Explaining the change further, Naseer Memon – development professional and chief executive at Strengthening Participatory Organization (SPO) – says warming of our environment is causing glaciers to melt faster which is increasing the flow of water in our rivers. “Parts of Himalayas are going through unusually fast melting of ice cover and causing more frequent floods in the region. It is expected the phenomenon will gain more momentum in the coming years. Karachi is among the vulnerable coasts due to this phenomenon,” he explains.
As the sea gets warmer, Dehlavi says marine species move to cooler location or at worse cease to exist.

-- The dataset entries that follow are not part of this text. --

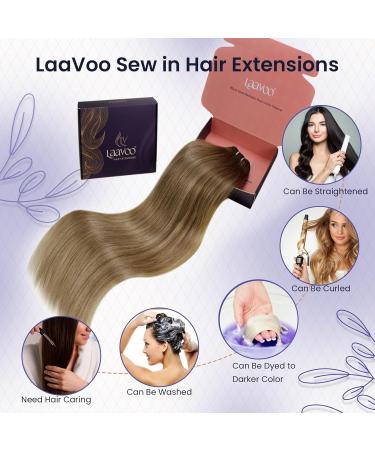 LAAVOO Real Hair Extensions 55cm - Brown Blonde Balayage Ombre Tressen 100g | Human Hair Bundles for Sew-In | Premium Quality - Buy Online on SooperMarket.com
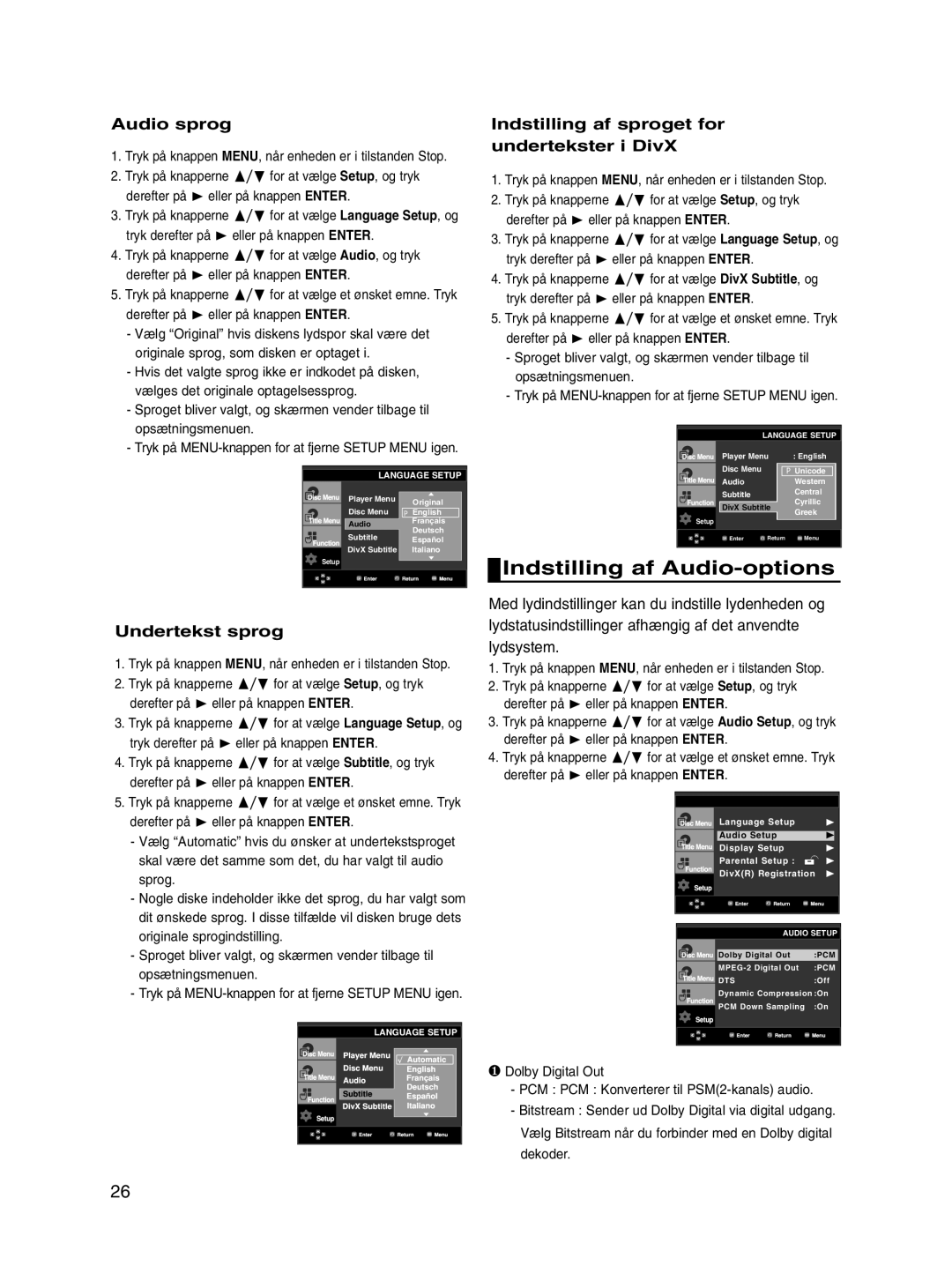 Samsung DVD-P560/XEE manual Indstilling af Audio-options, Audio sprog, Undertekst sprog 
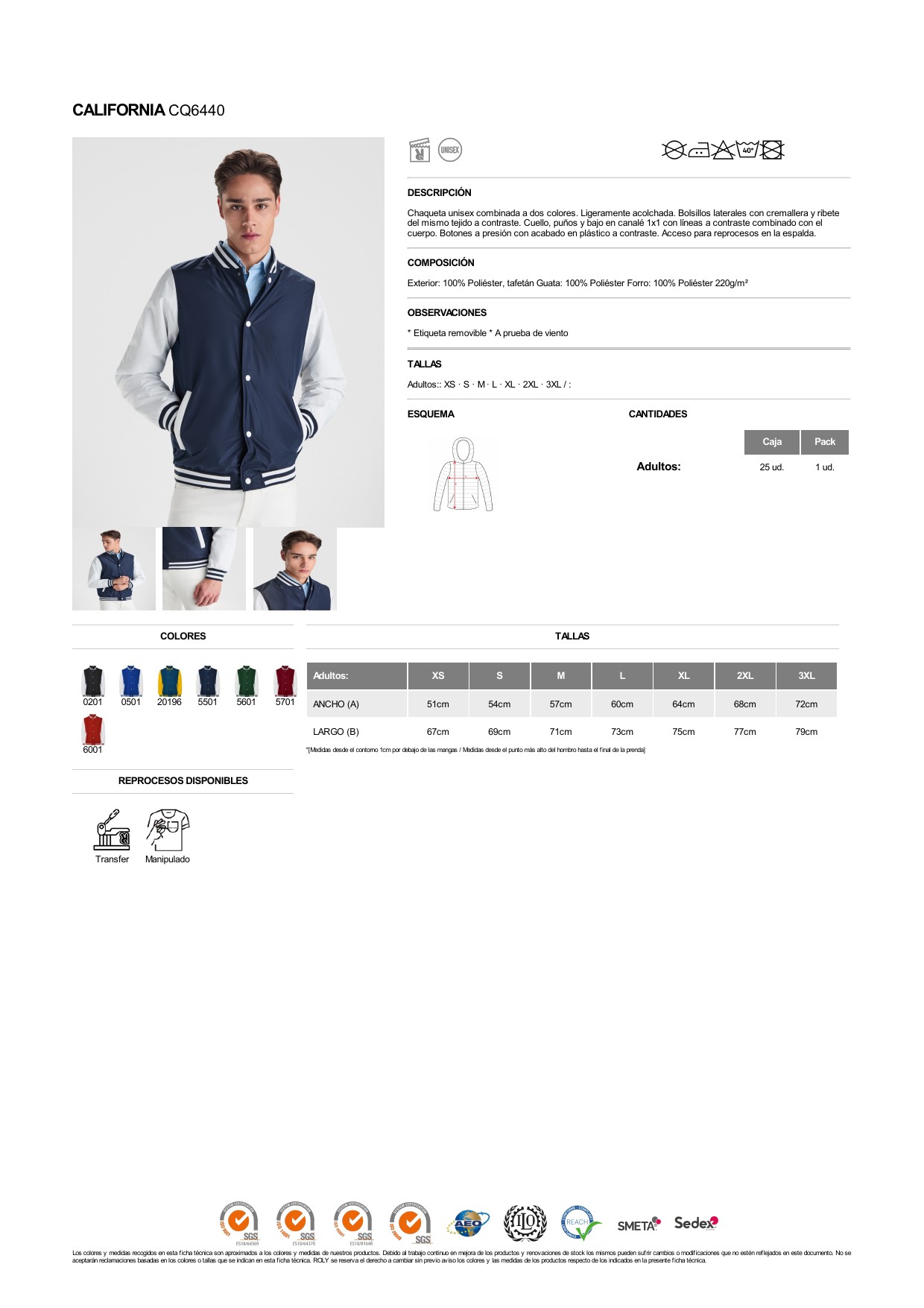 ficha-tecnica-CQ6440 Chaqueta Roly CQ6440 CALIFORNIA - Imagen 1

In Pakistan, he says the fishermen know their fishing ground and changes in water jeopardises their livelihood as fish move away to a different location. “A country which had been profiting from a certain species of fish will one day find that the animal has moved to the neighbour’s jurisdiction,” Dehlavi explains.
The WWF official warns a warmer sea will have negative effect on the coastal human population as well as the marine diversity.
With the rise in sea level, SPO’s Memon says the shoreline of Karachi will be exposed to sea incursion. “Sea incursion is taking place due to lack of fresh water flows to Indus Delta as well as reduction in the natural shield of mangroves forests. In case of any cyclone or tsunami, Karachi’s vulnerability will increase manifold,” he cautions.
According to estimates available to Memon, coastal areas of Thatta and Badin have lost approximately two million acres of land to sea during recent decades. Additionally, the SPO official says the marine ecosystem is also enduring various stresses due to rising sea level as coastal habitats for plants and animals are inundated.
The negative effects are not just limited to that as Umama Binte Azhar, an environment expert at NGO Leadership for Environment and Development (Lead), says changes in the sea also cause the spread of marine diseases and increase the intensity and frequency of extreme weather events such as cyclones and tsunamis.
With changes in climate a trans-boundary issue, WWF’s Dehlavi says countering it demands collective efforts. The point of origin, he says, is not important.
Through climate compatible adaptation measures and interventions, Azhar stresses the impacts of climate change in the coastal areas can be minimised.
In agreement, Memon from SPO says cropping pattern, human settlements, public infrastructure and lifestyle need to be aligned with emerging climatic realities with an adaptation approach. “The Sindh coast needs protection of mangroves cover to mitigate impacts of rising sea level. Regular monitoring of sea levels and intrusion are also essential,” he suggests.